> [Work request] Of the entries below, return only those lines from the line with "Suite mit Balkon" to the line with "Phanpy Cute Baby", exactly, both included.
─── Data to process
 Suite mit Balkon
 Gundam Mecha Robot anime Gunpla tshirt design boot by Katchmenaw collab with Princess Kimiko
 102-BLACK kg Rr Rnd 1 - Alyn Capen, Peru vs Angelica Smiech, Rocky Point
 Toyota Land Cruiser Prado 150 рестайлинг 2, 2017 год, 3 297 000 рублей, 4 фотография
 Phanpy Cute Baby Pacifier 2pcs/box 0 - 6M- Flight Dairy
──────
─── Data to process
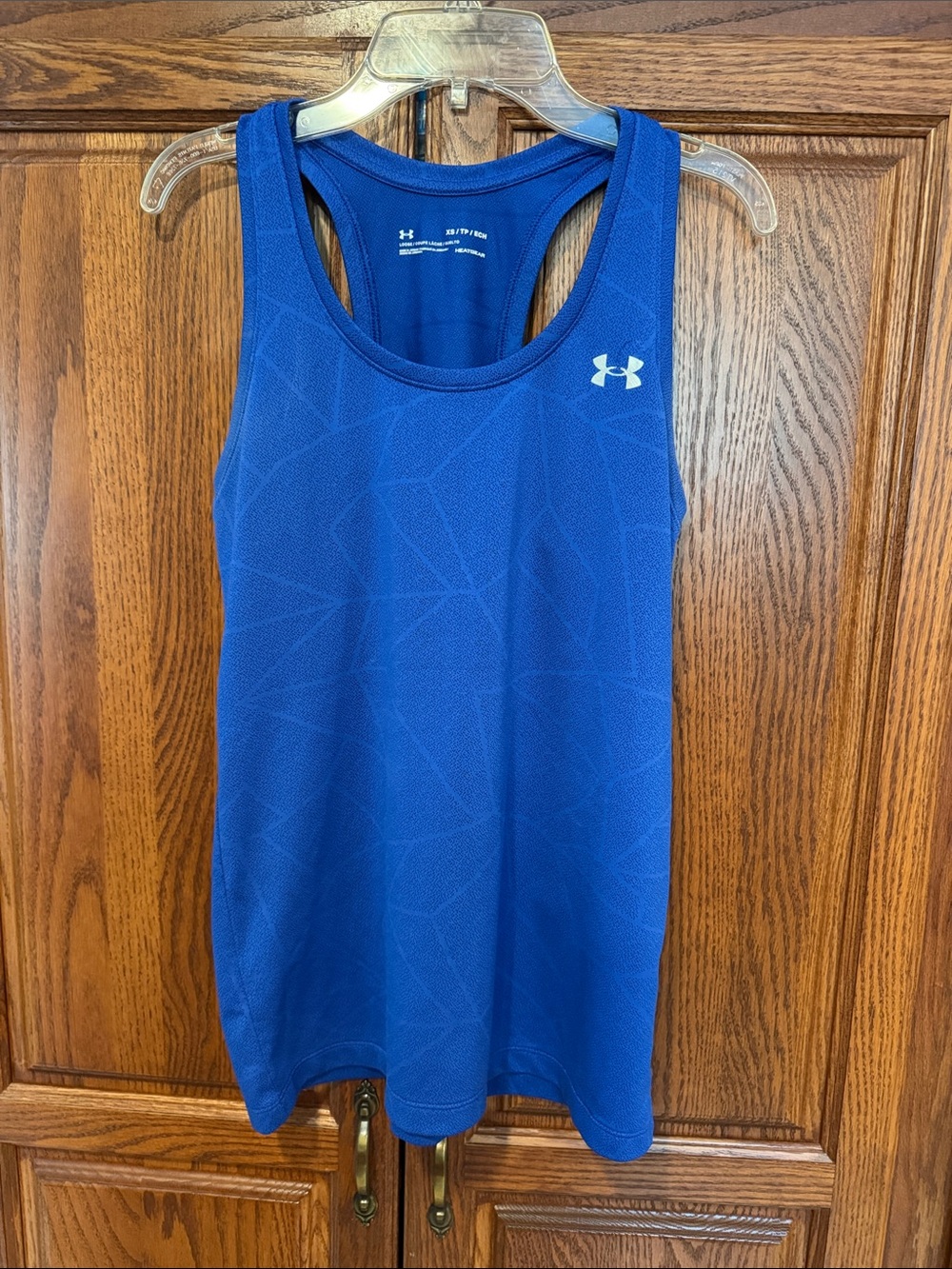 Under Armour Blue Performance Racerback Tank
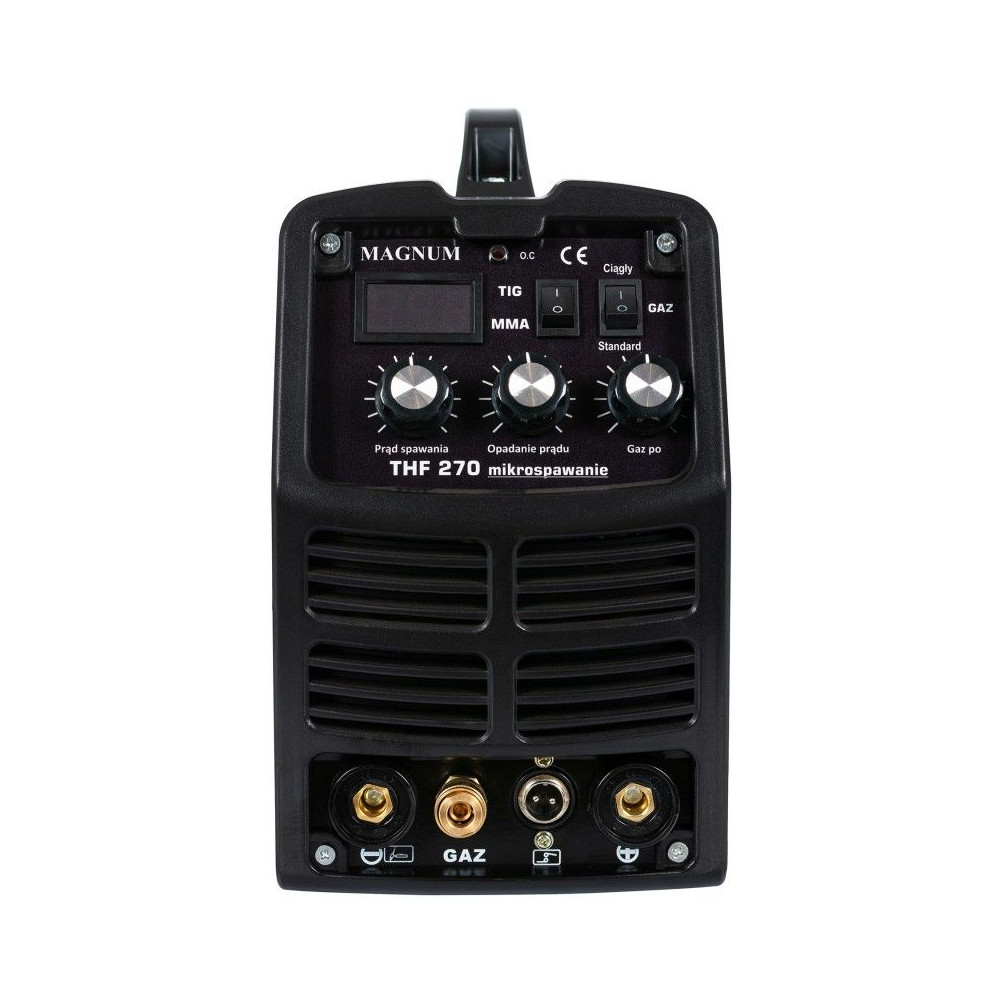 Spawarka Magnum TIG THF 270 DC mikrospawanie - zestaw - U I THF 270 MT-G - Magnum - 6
──────
─── Data to process
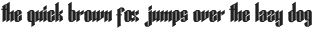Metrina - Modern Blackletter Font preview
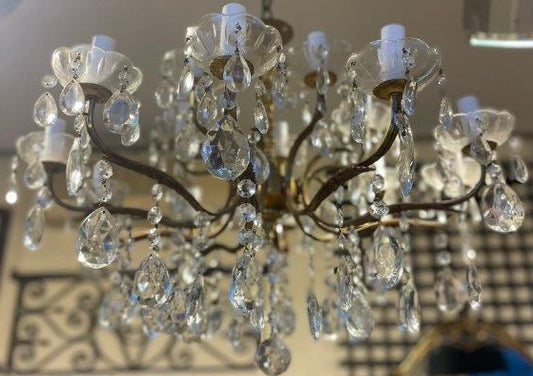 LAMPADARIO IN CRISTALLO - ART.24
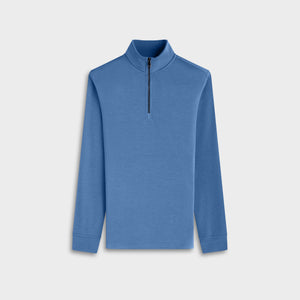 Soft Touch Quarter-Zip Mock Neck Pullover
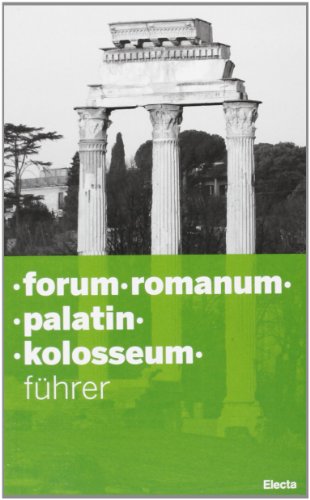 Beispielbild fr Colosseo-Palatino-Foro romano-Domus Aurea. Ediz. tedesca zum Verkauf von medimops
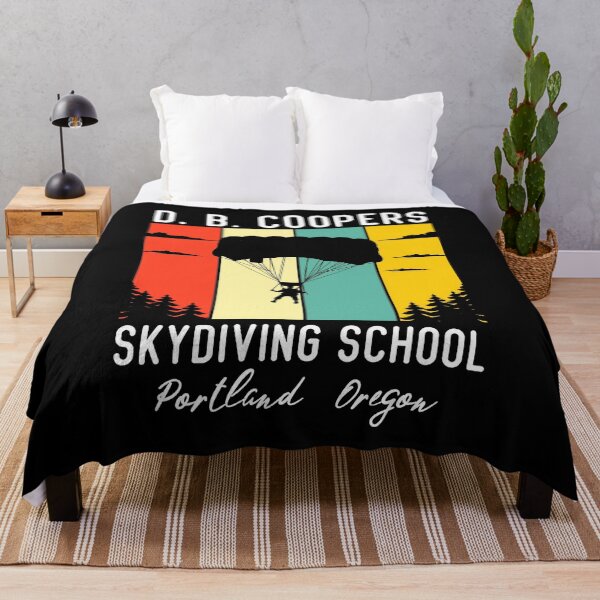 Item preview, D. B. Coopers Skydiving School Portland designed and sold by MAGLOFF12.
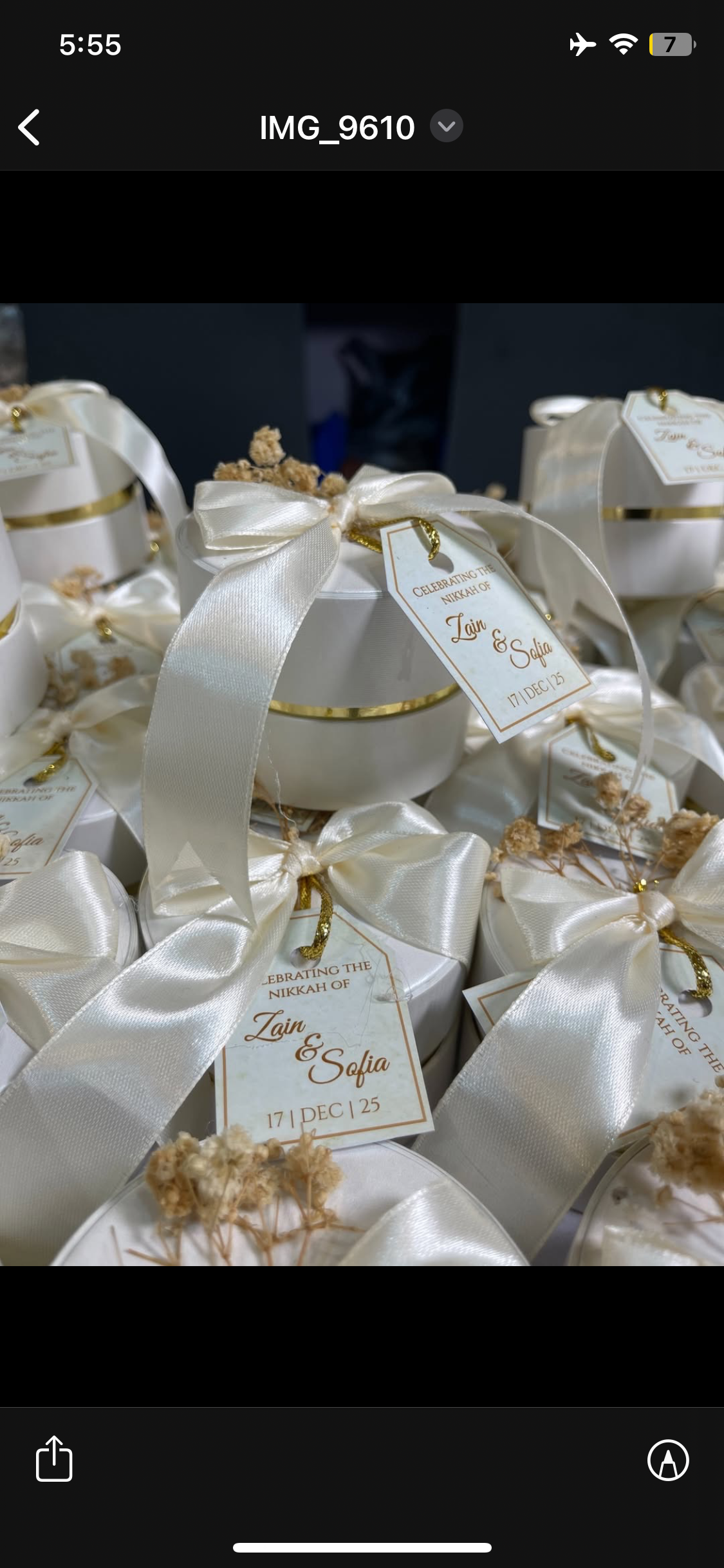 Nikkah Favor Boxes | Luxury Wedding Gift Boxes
──────
> [Your solution]
 Suite mit Balkon
 Gundam Mecha Robot anime Gunpla tshirt design boot by Katchmenaw collab with Princess Kimiko
 102-BLACK kg Rr Rnd 1 - Alyn Capen, Peru vs Angelica Smiech, Rocky Point
 Toyota Land Cruiser Prado 150 рестайлинг 2, 2017 год, 3 297 000 рублей, 4 фотография
 Phanpy Cute Baby Pacifier 2pcs/box 0 - 6M- Flight Dairy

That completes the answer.